Я посмотрел на Петра. Он потер лоб и слабо кивнул. Вопрос был задан, и прервать прямой эфир означало бы выдать, что у нас есть тайны, информацией манипулируют, а общественное мнение контролируется. При демократии заданный вопрос отдается бесконечным эхом. Я должен был ответить.
– Думая о смерти, – сказал я, – я представляю залитое солнцем крыльцо где-то в горах. Я выпиваю глоток горячего рома. Съедаю кусочек чизкейка и прошу любимую женщину сесть мне на колени. И умираю.
Легкость, с которой я выдумал эту фальшивую картинку, отдалась болью в висках. Ведущий объявил конец сессии, и экран погас. Я представил, как юнца грубо выводят из штаб-квартиры ЦУПа. Петр начал извиняться, но я отмахнулся. На сегодня мои обязанности перед обществом исполнены, я разделся до трусов и отправился на поиски Гануша.
– Другие люди смотрят на тебя снизу вверх, тощий человек, – заметил Гануш во время нашего следующего ужина. – Как будто ты Старейшина их племени.
Время стало прерывистым, как поцарапанная магнитофонная пленка. Задачи выполнялись дольше, я вечно отставал от графика, и в голове непрерывно крутились стихи из давно позабытых песен. Как будто близость Венеры вызывала искривление времени, замедляя мое мышление и собирая самые бесполезные воспоминания, информацию, не имеющую никакой практической ценности, простые моменты бытия – лоскуты, валяющиеся на полу швейной мастерской.
Я одержимо проверял почту. Пришло очередное сообщение от министерства внутренних дел:
…невозможно определить, состоит ли объект в сексуальной связи со своим знакомым Зденеком К., 37 лет, полноватым, добродушным, чисто выбритым кассиром банка…
…визуальный доступ в квартиру ограничен и не позволяет определить природу встреч.
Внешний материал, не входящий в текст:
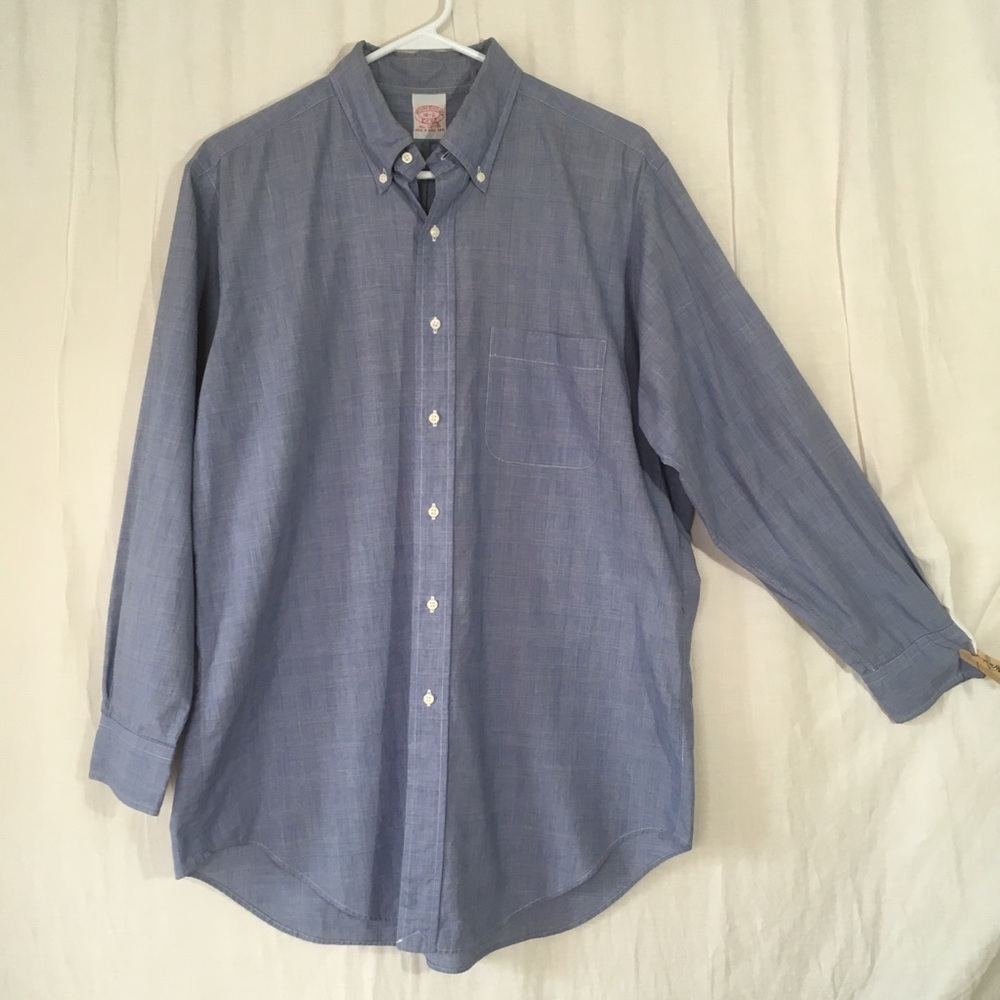 Brooks Brothers Men’s Oversized Boyfriend Shirt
Министерство может санкционировать усиленное наблюдение, в таком случае агент проникнет в пустую квартиру, соберет улики, такие как сперма…
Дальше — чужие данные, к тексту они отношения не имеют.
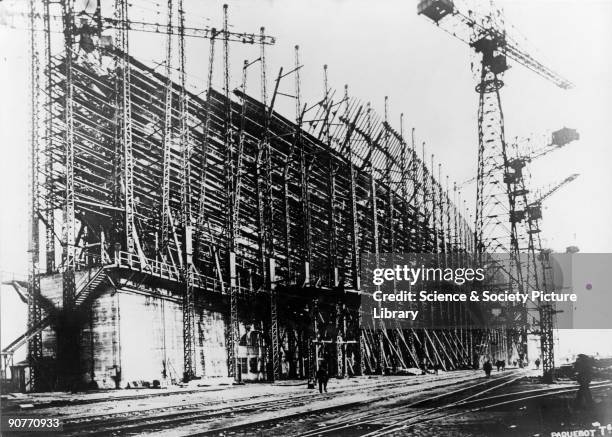 1926 NYC B&W photo of construction worker at 62nd & CPW 1926 NYC B&W photo of construction worker at 62nd & CPW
…объект приобрел упаковку арахиса и замороженную смесь для жарки, получив в итоге некоторое подобие гунбао…
…живет внешне обычной, спокойной жизнью, будто выдает себя за другого человека…
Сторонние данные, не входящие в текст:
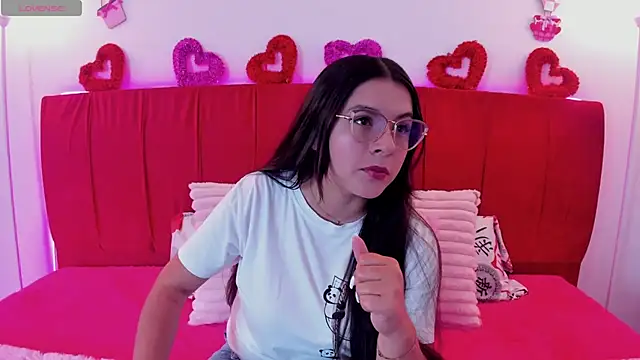 Snapshot of Alice_Summer1 chatting on 02/06/26, 09:40 Alice Summer1 online show from 02/06/26, 09:40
…мотивы остаются неясными, рекомендовано усиленное наблюдение…
Я ответил «усиленное наблюдение разрешаю, спасибо» и отдал Ганушу остатки ужина. Меня мутило от стыда. Она сбежала и поселилась где-то в другом месте, никем не узнанная – или так она надеялась. Я не чувствовал радости за нее, за ее одинокий покой, мой разум наполняло тщеславие, жажда уверенности, догадки о том, чем же я отпугнул ее. Может ли ЦУП заставить ее поговорить со мной? Но такое принудительное общение ничего не стоит. Нет, я должен сохранять спокойствие.